So I shit on him and talk negatively about our situation regularly. I don’t mention all the details. Not to say that I’m wrong and he’s right or that I may not be overreacting during the time my Little Red Riding Hood friend of the month appears. But no one can know the whole truth without living in my shoes. No one can know all the details because than my blog will be non-stop like the slop you left openly in the toilet after last night’s burrito came out your ass with peppery fire and a slight tear full of promise that: “I will never eat this again!”
But then what you do?
I don’t leave much privacy for him or me. Although I don’t flat go about giving our home addresses and how you can go about meeting us for more intimate or not-so-intimate details of our Life. All in all what the card says rings true when it comes to him (despite my grudges, ongoing hatred and shoot in the foot shotgun resentment). Eight years of being with one partner (no matter how on and off) can do wonders for your sex life or take away from it (from time to time).

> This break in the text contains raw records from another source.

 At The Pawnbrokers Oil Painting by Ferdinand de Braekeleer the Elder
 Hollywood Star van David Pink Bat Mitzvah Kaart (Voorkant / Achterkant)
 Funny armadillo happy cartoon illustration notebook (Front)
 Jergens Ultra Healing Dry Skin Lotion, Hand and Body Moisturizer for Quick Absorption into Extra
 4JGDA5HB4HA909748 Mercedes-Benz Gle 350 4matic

There are things you never knew existed sexually. Or even what it was like making love under a moonlight, feeling closer to heaven while for the first time in your Life experience(d) what it was actually like to have Meaningful Sex with someone you adore and cherish deeply. I thought it didn’t exist! *bangs head hard on wall* There are things one wouldn’t care for BUT suddenly do! Like getting your salad tossed and getting fingered and your clitoris massaged at the same time because nothing says I love you better than multiple orgasms! Then there are things you become aware of.. like if you two depart, well, good fucking luck finding this “service and decor” you had in your new partner.